_Brief_. Exactly reproduce the line containing "3141588 vidaXL Divan" together with every line after it, through the end of the entries, and give nothing more.

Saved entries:
● ● ● ●

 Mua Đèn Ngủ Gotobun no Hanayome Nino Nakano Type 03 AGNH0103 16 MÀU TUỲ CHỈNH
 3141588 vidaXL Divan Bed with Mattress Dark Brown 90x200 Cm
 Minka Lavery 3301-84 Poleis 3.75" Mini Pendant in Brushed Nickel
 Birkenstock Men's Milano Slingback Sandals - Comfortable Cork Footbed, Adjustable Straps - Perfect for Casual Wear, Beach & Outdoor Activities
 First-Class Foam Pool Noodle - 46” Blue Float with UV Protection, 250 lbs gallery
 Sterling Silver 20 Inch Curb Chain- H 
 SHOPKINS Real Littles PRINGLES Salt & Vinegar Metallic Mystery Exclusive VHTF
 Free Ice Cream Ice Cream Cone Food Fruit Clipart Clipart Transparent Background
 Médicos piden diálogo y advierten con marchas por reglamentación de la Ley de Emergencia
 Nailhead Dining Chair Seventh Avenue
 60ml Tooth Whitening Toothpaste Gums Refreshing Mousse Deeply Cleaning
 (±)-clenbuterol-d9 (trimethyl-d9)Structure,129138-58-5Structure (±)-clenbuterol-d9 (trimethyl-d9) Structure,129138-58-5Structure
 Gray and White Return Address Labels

● ● ● ●

_Task output_.
 3141588 vidaXL Divan Bed with Mattress Dark Brown 90x200 Cm
 Minka Lavery 3301-84 Poleis 3.75" Mini Pendant in Brushed Nickel
 Birkenstock Men's Milano Slingback Sandals - Comfortable Cork Footbed, Adjustable Straps - Perfect for Casual Wear, Beach & Outdoor Activities
 First-Class Foam Pool Noodle - 46” Blue Float with UV Protection, 250 lbs gallery
 Sterling Silver 20 Inch Curb Chain- H 
 SHOPKINS Real Littles PRINGLES Salt & Vinegar Metallic Mystery Exclusive VHTF
 Free Ice Cream Ice Cream Cone Food Fruit Clipart Clipart Transparent Background
 Médicos piden diálogo y advierten con marchas por reglamentación de la Ley de Emergencia
 Nailhead Dining Chair Seventh Avenue
 60ml Tooth Whitening Toothpaste Gums Refreshing Mousse Deeply Cleaning
 (±)-clenbuterol-d9 (trimethyl-d9)Structure,129138-58-5Structure (±)-clenbuterol-d9 (trimethyl-d9) Structure,129138-58-5Structure
 Gray and White Return Address Labels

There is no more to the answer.